CHAMPION - A program that unites 4-H, the Ohio State Highway Patrol and the Trumbull County Juvenile Court focuses on teaching first-time juvenile traffic offenders the way to be safe and responsible drivers.
Michelle Adkins, a program coordinator and an Ohio State University 4-H extension educator, said Ohio State University Extension's 4-H CARTEENS Program provides traffic safety instruction to teens who are first-time traffic offenders and have been ordered by a court to attend.
The "CAR" in Ohio 4-H CARTEENS stands for "Caution And Responsibility" while "TEENS" refers to the teenagers who help prepare and present the program, she said.
Teen traffic offenders attending this program have typically been cited for speeding, stop sign violations, reckless operation, and other similar moving violations. The Trumbull 4-H CARTEENS program works with the Trumbull County Family Court system to require first-time juvenile offenders ages 16 to 18 to attend a 4-H CARTEENS program.
A parent and / or guardian is required to attend the session with their teen.
Adkins said the program's primary goal is to reduce the number of repeat juvenile traffic offenders.
Teen volunteers teach traffic education safety programs. CARTEENS activities include identifying road signs, demonstrating stopping distances and wearing "drunk" goggles to reiterate the dangers of drunk driving.
Adkins said the state patrol already had a program, so 4-H merged the program it was beginning it the patrol's. The 4-H program is run by volunteers, some of whom took the program when they were teenagers.
''The program utilizes teens to teach teens. This is a peer-to-peer instruction with interactive learning,'' Adkins said.
In addition, the program brings in guest speakers who share their story of having lost someone in a traffic incident.

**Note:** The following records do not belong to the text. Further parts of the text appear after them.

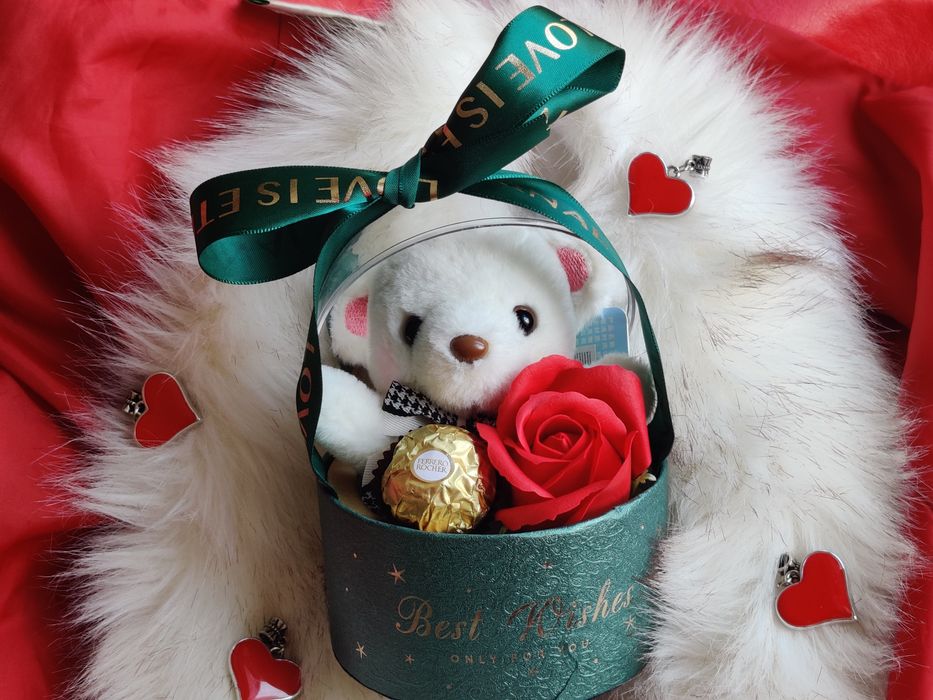 Подаръчни сетове със сапунена роза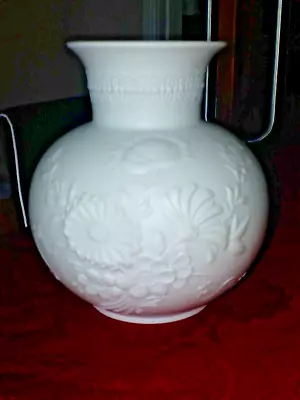 Buy Kaiser Porcelain White Vase 1980’s ~ 15.5cm Tall In V.G.C. Free UK P&P • 17.99£
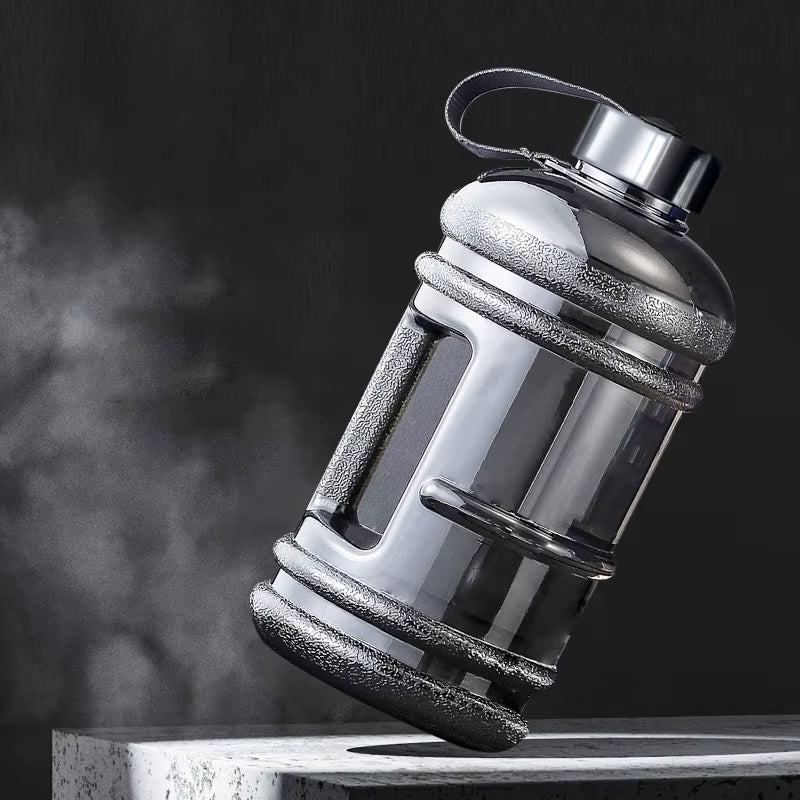 2L Portable PETG Large Capacity Water Bottle Training Sports Workout Drink Bottle Shaker Bottle with Handle Outdoor Gym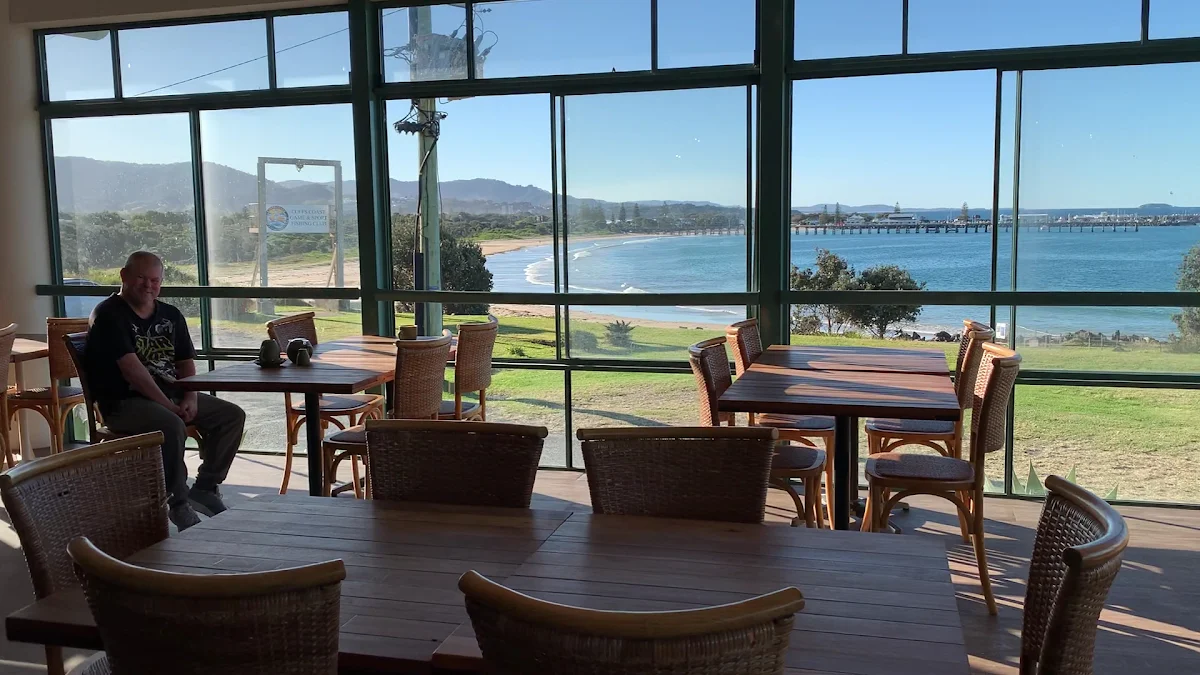 Vibe, Jetty Beach House Coffs Harbour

Instructor Garrett Pierce, a senior at Bristol High School, said he decided to become a volunteer after going through the program himself.
''I speak from experience so I tell those in the program that I know why they are here and what they need to know to change,'' Pierce said.
Josh Penick, a Liberty High School graduate and volunteer instructor, said he completed the public safety program at Trumbull Career and Technical Center and wanted to volunteer.
''I have been in their shoes once. We have also been pulled over for whatever reason,'' he said.
Trooper Larry Jones said he and two other troopers instruct the course, which focuses on educating the drivers.
''It is important they understand what can happen and this program discusses and shows that,'' Jones said.
Guest speaker Bill Hess of Cortland, a parent, speaks to the drivers about his son, Tim, who died in an auto accident in 2011.
''I'm not here to lecture. I just tell them the story of what our family went through and hope it makes someone think twice when driving. I want them to make the right decisions,'' Hess said.